Canadian developments 

The SEC regulations will likely influence how other countries move forward with similar rules. Canadian securities regulators may release their own greenhouse gas disclosure regulations following the SEC rule.[1] The Canadian Securities Administrators (CSA) has also indicated intent to review ISSB Standards S1 and S2 to potentially adopt similar standards for entities required to report.

Canada’s 2022 Budget had already directed the Office of the Superintendent of Financial Institutions (OSFI) to require federally regulated banks and insurers to publish climate disclosures, with a phased approach. The first disclosures under OSFI’s Guideline B15: Climate Risk Management are required to be published 180 days post-fiscal 2024. These disclosures include the collection and analysis of client emissions. This key provision sets the stage for non-financial sectors to collect and disclose emissions. 

California and EU regulations 


California's Senate Bill 253, known as the Climate Corporate Data Accountability Act, created a mandate for large corporations operating in the state to prepare to report Scope 1, Scope 2, and eventually Scope 3 emissions. The legislation has yet to reach implementation, with a formal set of regulations required to be published by the California Air Resources Board (CARB) by January 2025.  

Implementation details aside, SB 253 will have an impact not just on large corporations, but also the small and medium-sized companies that comprise the broader business environment. Not only will this regulation create indirect pressure on smaller companies to disclose emissions to remain competitive, but large corporations may exert direct influence on companies in their supply chain to reduce emissions.  

California’s economy is the biggest contributor to U.S. GDP of any state, and it has had an influence on shaping climate regulations globally and nationally. Other states may soon follow in California’s footsteps: New York, Washington, and Illinois have begun to consider similar requirements.

European Union 

The EU’s Corporate Sustainability Reporting Directive (CSRD) guidelines came into force in 2023, with emissions and sustainability reporting mandated in 2024 for EU companies with more than 500 employees.
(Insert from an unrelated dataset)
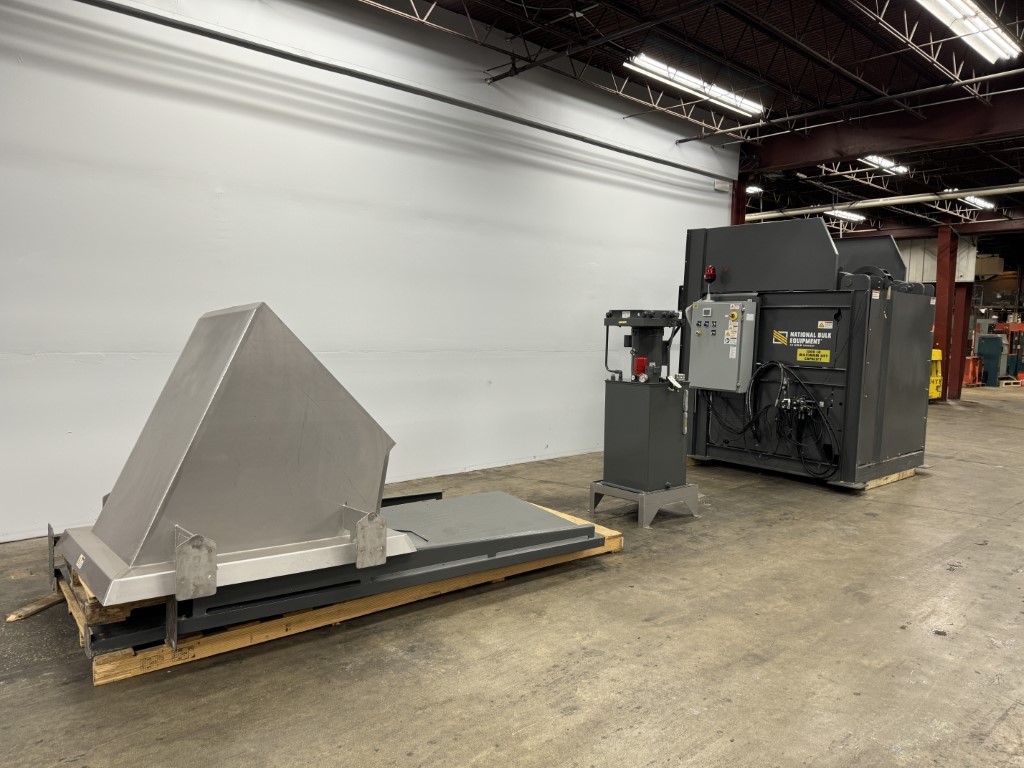 National Bulk Equipment, 40" x 48" x 51.5" Gaylord box dumper, 15500 lb., 135° rotation hydraulic cylindfers - Image 2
Other entity types will be phased in over time from 2025 to 2028.

The CSRD is a significant change to sustainability reporting standards in Europe and expands the pool of companies that will be required to report. The European Commission describes these revisions as necessary to “create a culture of greater public accountability.” This framework is generally agreed to be the most advanced emissions reporting regulation in the world.  
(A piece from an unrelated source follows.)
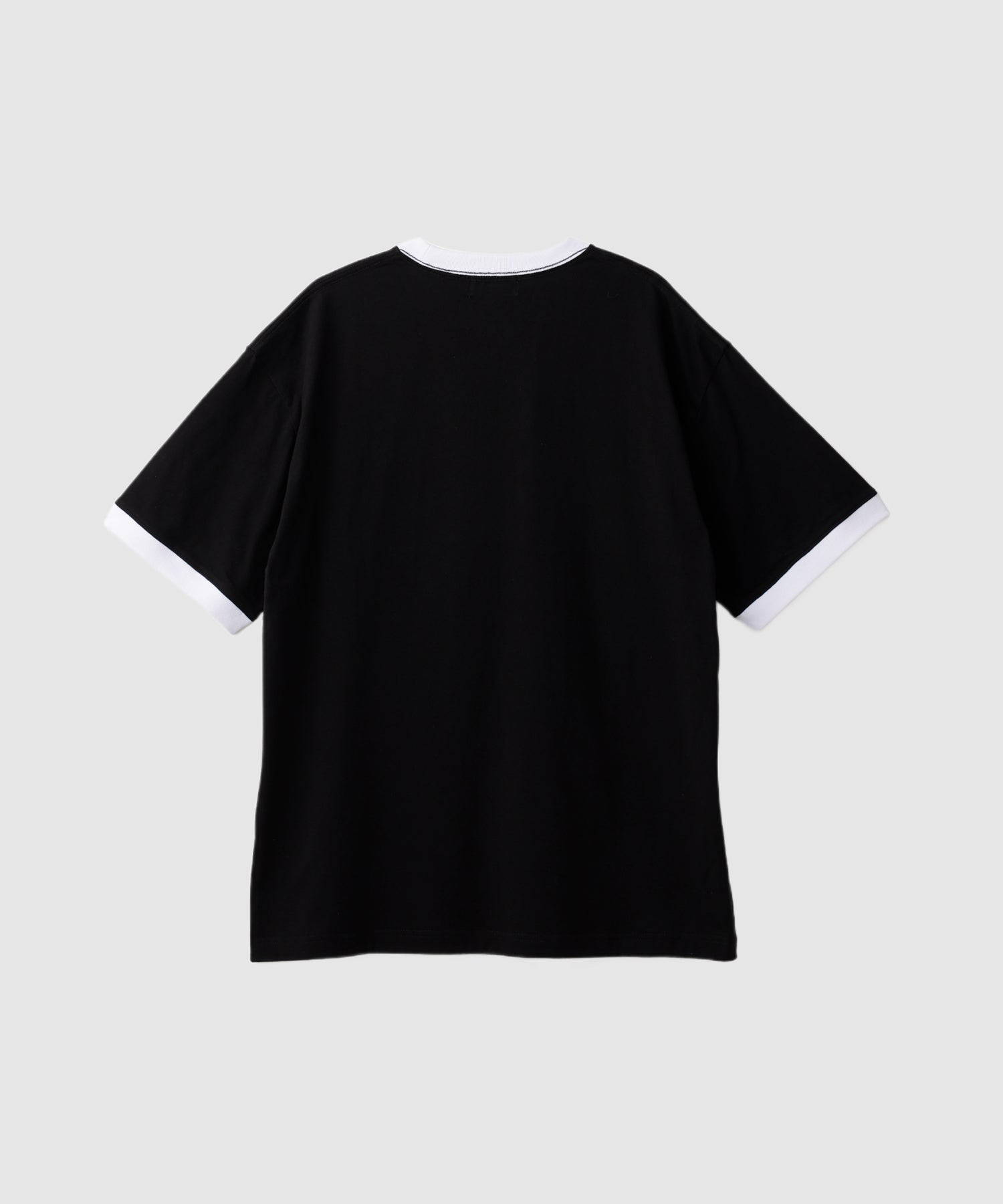 X-Large Store Address Ringer T-shirt nera cotone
Notably, subsidiaries of parent companies based outside of the EU must also report under these guidelines – meaning the EU regulations will cover a large portion of the global economy.  

Moving toward a stronger disclosure environment 

The business imperative to track and disclose emissions does not hinge on the success of any one regulatory measure, and the world is clearly moving toward enhanced disclosure requirements. It is crucial for companies of all sizes to take steps toward understanding their emissions footprint and developing strategies to reducing their environmental impact. BMO’s Climate Smart is a tool to help companies track their own emissions and understand where they come from so they can take more effective action and potentially reduce costs while staying compliant.

For large corporations, disclosures are increasingly mandated, but the cascading effect for small and medium-sized enterprises should not be overlooked. Suppliers and vendors to larger corporations will increasingly need to communicate that they are aligned with these organizations’ climate goals, and that they can be a strong business partner beyond the supply of goods and services.